Amsia chairman Mustafa Ahmed and the Saudi prince Abdul Rahman Bin Faisal Al Saud, the automaker’s leading investor, signed a term of intentions with the Sergipe government. “The government offers infrastructure facilities and fiscal incentives, and Amsia commits to investing R$ 1 billion (US$ 452 million) in manufacturing. The company is also planning on transferring its headquarters, currently in China, to Brazil,” said Célio Oliveira Martins, the special advisor to the Secretariat for Economic Development, linked to the Ministry of Science and Technology. The Secretariat is responsible for attracting investment into Sergipe.
The agreement was signed by the acting governor Jackson Barreto. The secretary for Economic Development Saumíneo Nascimento also attended the signing ceremony. On Wednesday (26th), Nascimento accompanied the executives to the plot in which the Amsia plant will be built.
According to Martins, Amsia should start making some models within two years. “The entire project should be completed in four years,” he says. The first vehicles to be made should be passenger cars, SUVs and pickup trucks. “Eventually, we will make buses, light and heavy trucks,” says the advisor. The unique feature of Amsia’s vehicles is the fact that they are either electric or (they run on electricity and other fuels at once).
The plant site is located in the municipality of Barra dos Coqueiros, by the Sergipe port. From there, in addition to supplying the Brazilian market, the company intends to ship product to South America, the Middle East and Africa.
According to the advisor, Amsia is also negotiating with the Brazilian Ministry of Development, Industry and Foreign Trade to grant benefits to the company, so it may start importing 25% of the amount of vehicles it plans on making in Brazil, and sell them with the same tax breaks as Brazilian-made autos. “By next year we will be importing,” he said. Martins did not disclose the company’s planned output in Brazil. There are forecasts of 4,000 direct jobs being created.
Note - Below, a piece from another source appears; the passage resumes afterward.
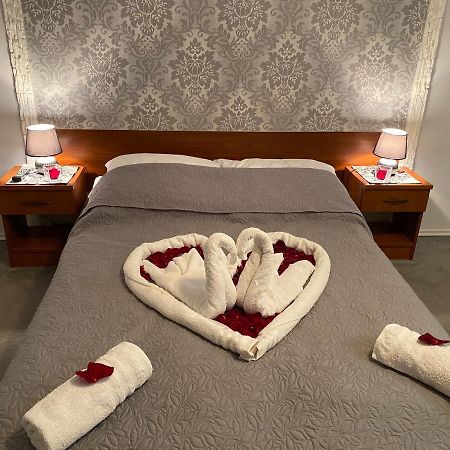 Restauracja Hotel Kassandra Wrzesnia Ngoại thất bức ảnh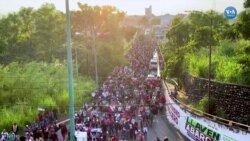 Binlerce kişilik göçmen grubu Meksika’nın güneyinden ABD’ye geçmek için yola çıktı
Martins claims the state has not made projections regarding the company’s revenues in Sergipe, but notes that it should attract several auto parts industries to the state. “An automaker is the queen of investment. Yazaki, one of the world’s leading electronic parts manufacturing company, has already set up here ten days ago,” he says. According to him, the state is also negotiating with an auto air conditioning factory interested in having a base in Sergipe in order to supply the Amsia plant.